**TASK PROMPT:** In the entries below, begin at the line that has "Gold-Tone Birthstone Compass Necklace", stop after the line that has "Clean Tek Profesional", and output those lines exactly with no pictures.

**TASK MATERIAL:**
══════════════════════════════

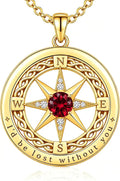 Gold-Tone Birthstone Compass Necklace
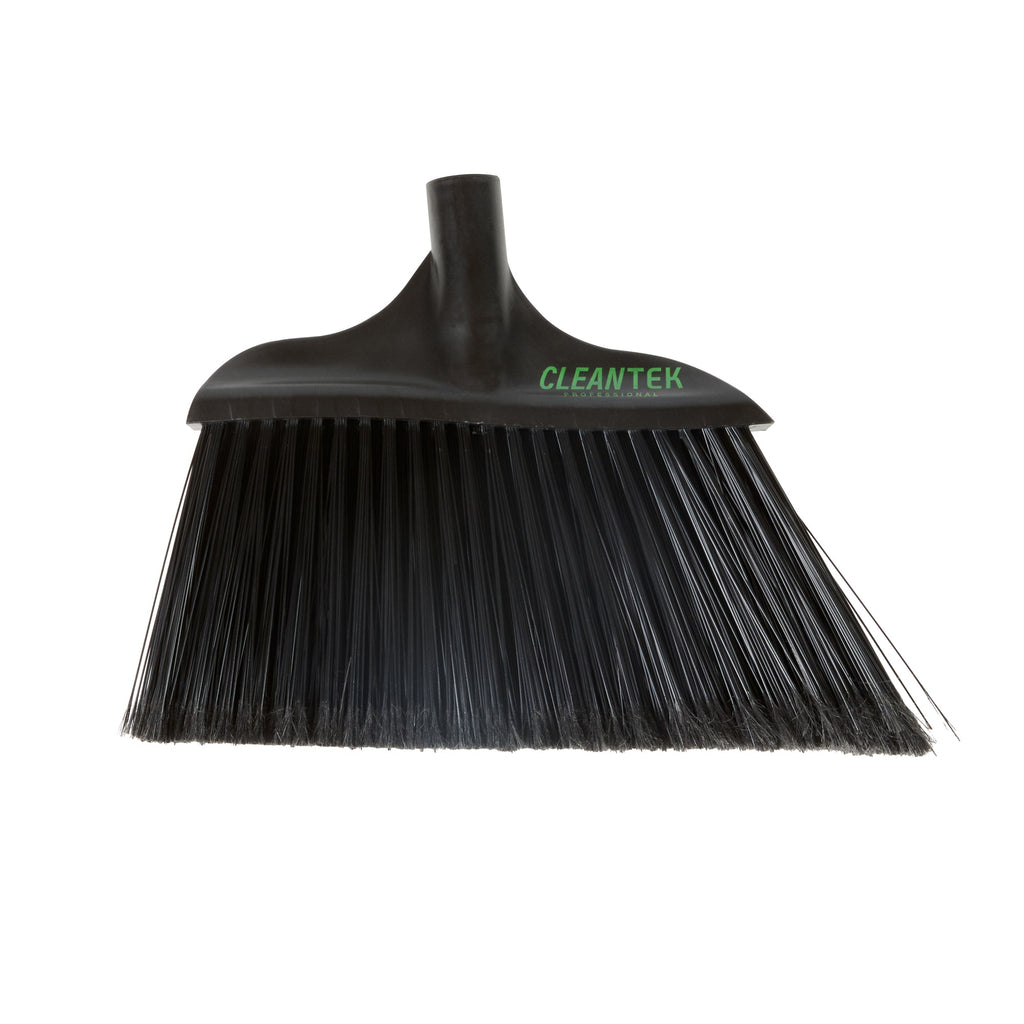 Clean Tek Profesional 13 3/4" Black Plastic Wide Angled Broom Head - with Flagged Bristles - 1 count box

══════════════════════════════

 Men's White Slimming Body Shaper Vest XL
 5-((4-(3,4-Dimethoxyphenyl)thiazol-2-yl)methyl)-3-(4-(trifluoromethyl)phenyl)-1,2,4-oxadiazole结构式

══════════════════════════════

**ANSWER:**
 Gold-Tone Birthstone Compass Necklace
 Clean Tek Profesional 13 3/4" Black Plastic Wide Angled Broom Head - with Flagged Bristles - 1 count box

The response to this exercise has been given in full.